Hey tout le monde! J'ai une petite annonce à faire! Vu mes nombreuses fautes de conjugaison, Galswinthe s'est portée volontaire pour me corriger mes chapitres, donc ne vous inquiétez pas, si vous voyez certains chapitres disparaîtres =). Encore merci à toutes et à ma correctrice =)

Zik : Taio Cruz – Break your heart

PDV Edward :

- J'ai un message pour vous de la part de votre père.

- Est-ce que cela ne peut attendre ?

- Désolé, lieutenant, je me doute bien que vous avez quelque chose de plus attrayant à faire, dit-il avec une pointe d'ironie.

- Certainement, allez, quel est ce message, très « important » ?

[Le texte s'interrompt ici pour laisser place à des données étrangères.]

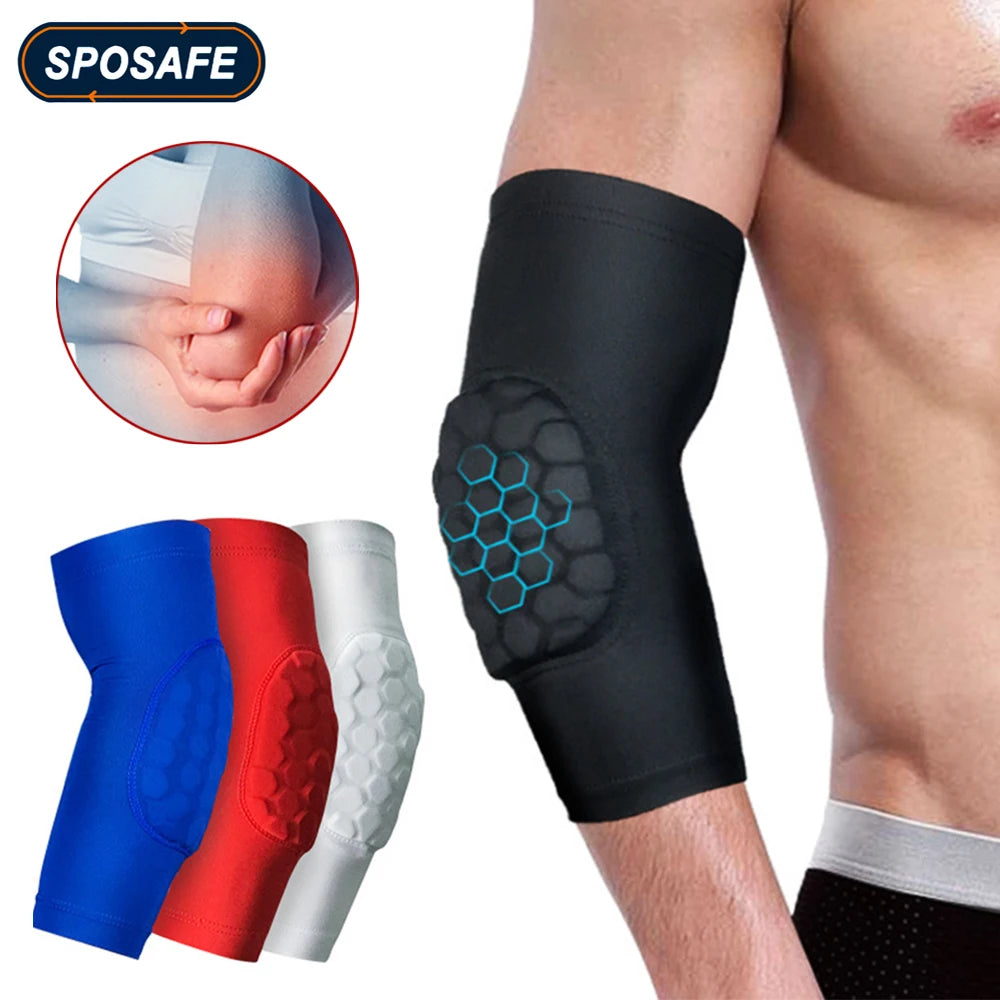 1Pcs Sports Elbow Compression Sleeve Arm Forearm Support Brace Crashproof Honeycomb Pad Cycling Running Basketball Arm Guard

- Les ennemis ont passé la frontière et votre père s'inquiète de plus en plus, bien que ses gardes soient encore présent, il en veut plus, il souhaite que vous et vos soldats soient au rapport le plus rapidement possible. Vous avez aussi comme mission de sécuriser chaque secteur de votre chemin. Il n'est pas sur que la maison soit attaquée dans l'immédiat, mais vous connaissez votre père.

- Malheureusement… Y'a-t-il autre chose que je dois savoir ?

- Pas dans l'immédiat, mais je vous le ferais savoir.

- Bien.

- Au revoir lieutenant.

- De même.

Je raccrochais sans même lui laisser le temps de dire autre chose, quoiqu'il n'aurait rien pu dire d'autre, et allais vers Bella qui m'attendait patiemment.

- Est-ce que ça va ? me demanda-t-elle.

- Oui, ne t'en fais pas, rien d'important, encore mon conseiller qui m'emmerde.

- Ouhhh, lieutenant Cullen devient grossier, continua-t-elle avec une voix sensuellement sauvage.

- Je peux dire et faire bien plus, ajoutais-je en me rapprochant d'elle.

- Vraiment ? Elle se reculait lentement de moi.

- Hum Hum et tu ferais mieux de ne pas les entendre ou les voir.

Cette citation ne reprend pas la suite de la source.